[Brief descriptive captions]
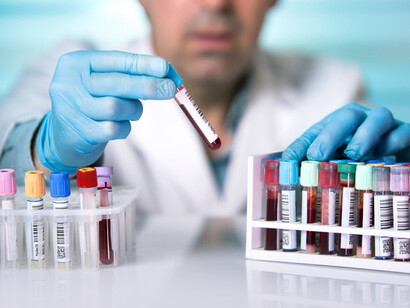 Esami di laboratorio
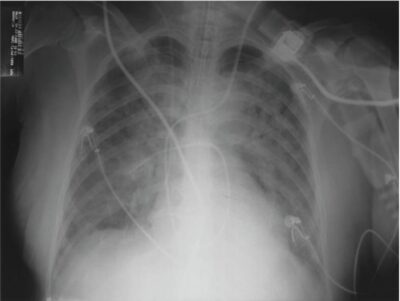 Bilateral pulmonary parenchymal infiltrate compatible with ards
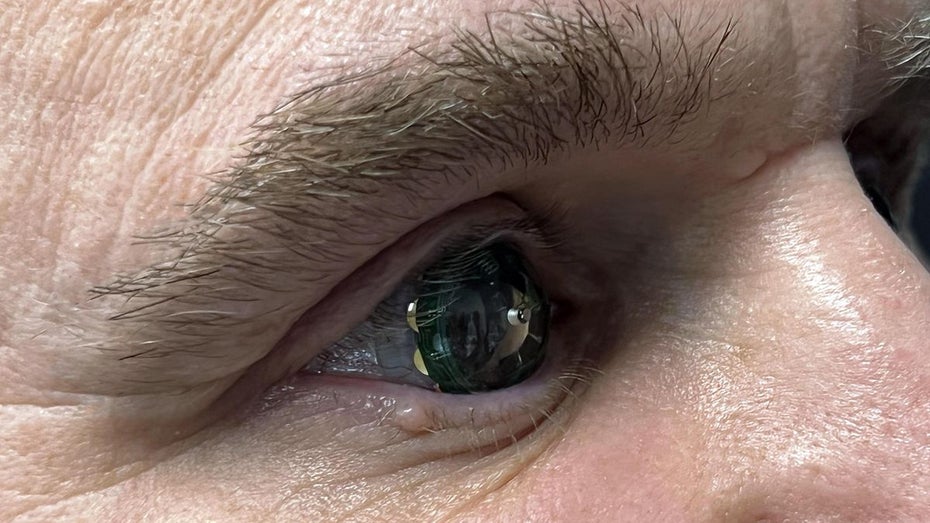 Hat da was im Auge: Mojo-Vision-CEO Drew Perkins trägt AR-Kontaktlinse. (Bild: Mojo Vision) Mojo Lens: Premiere für AR-Kontaktlinse – im Auge des Chefs persönlich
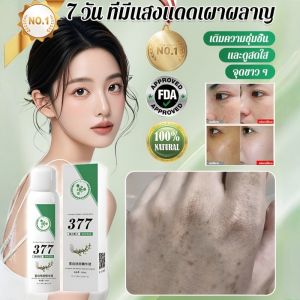 🔥ร้อนแรง🔥 377 สเปรย์ไวท์เทนนิ่ง สเปรย์ฉีดน้ำ 【เห็นผลใน 7 วัน】 น้ำมันเอสเซนส์ปรับผิวใส สเปรย์ออโรร่า วอเตอร์ สปอต ไลท์เทนนิ่ง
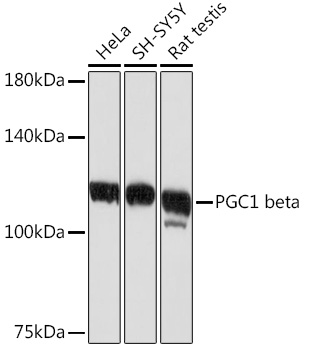 PGC1 beta Monoclonal Antibody [3K4V1]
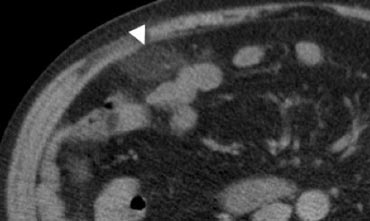 Fig. 9.- 47-year-old woman with acute right lower quadrant pain. Unenhanced CT shows an ovoid inflamed fatty mass (arrowhead) with normal regional bowel loops. The shape and size of the lesion suggests epiploic appendagitis, but the lesion does not contain a hyperattenuating ring. In this case, it is difficult to discriminate between epiploic appendagitis or a small omental infarction.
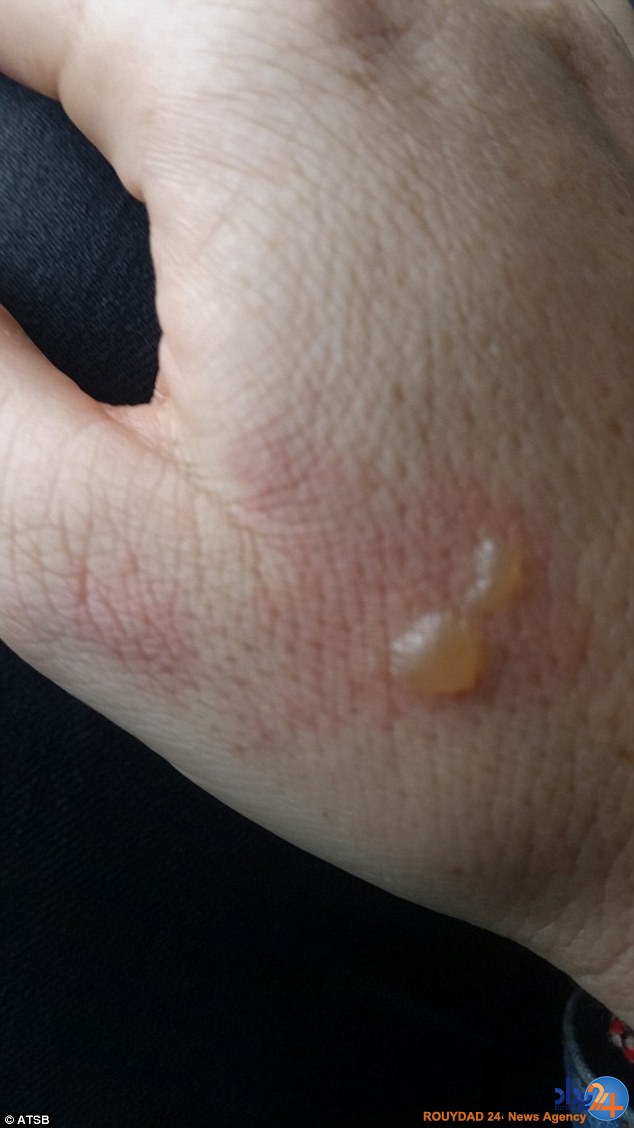 سوختگی شدید یک زن پس از انفجار هدفون در گوشش (تصاویر) سوختگی شدید یک زن پس از انفجار هدفون در گوشش (تصاویر)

TASK TO CARRY OUT: Output every entry above exactly as written, but omit the pictures.

ANSWER SECTION:
 Esami di laboratorio
 Bilateral pulmonary parenchymal infiltrate compatible with ards
 Hat da was im Auge: Mojo-Vision-CEO Drew Perkins trägt AR-Kontaktlinse. (Bild: Mojo Vision) Mojo Lens: Premiere für AR-Kontaktlinse – im Auge des Chefs persönlich
 🔥ร้อนแรง🔥 377 สเปรย์ไวท์เทนนิ่ง สเปรย์ฉีดน้ำ 【เห็นผลใน 7 วัน】 น้ำมันเอสเซนส์ปรับผิวใส สเปรย์ออโรร่า วอเตอร์ สปอต ไลท์เทนนิ่ง
 PGC1 beta Monoclonal Antibody [3K4V1]
 Fig. 9.- 47-year-old woman with acute right lower quadrant pain. Unenhanced CT shows an ovoid inflamed fatty mass (arrowhead) with normal regional bowel loops. The shape and size of the lesion suggests epiploic appendagitis, but the lesion does not contain a hyperattenuating ring. In this case, it is difficult to discriminate between epiploic appendagitis or a small omental infarction.
 سوختگی شدید یک زن پس از انفجار هدفون در گوشش (تصاویر) سوختگی شدید یک زن پس از انفجار هدفون در گوشش (تصاویر)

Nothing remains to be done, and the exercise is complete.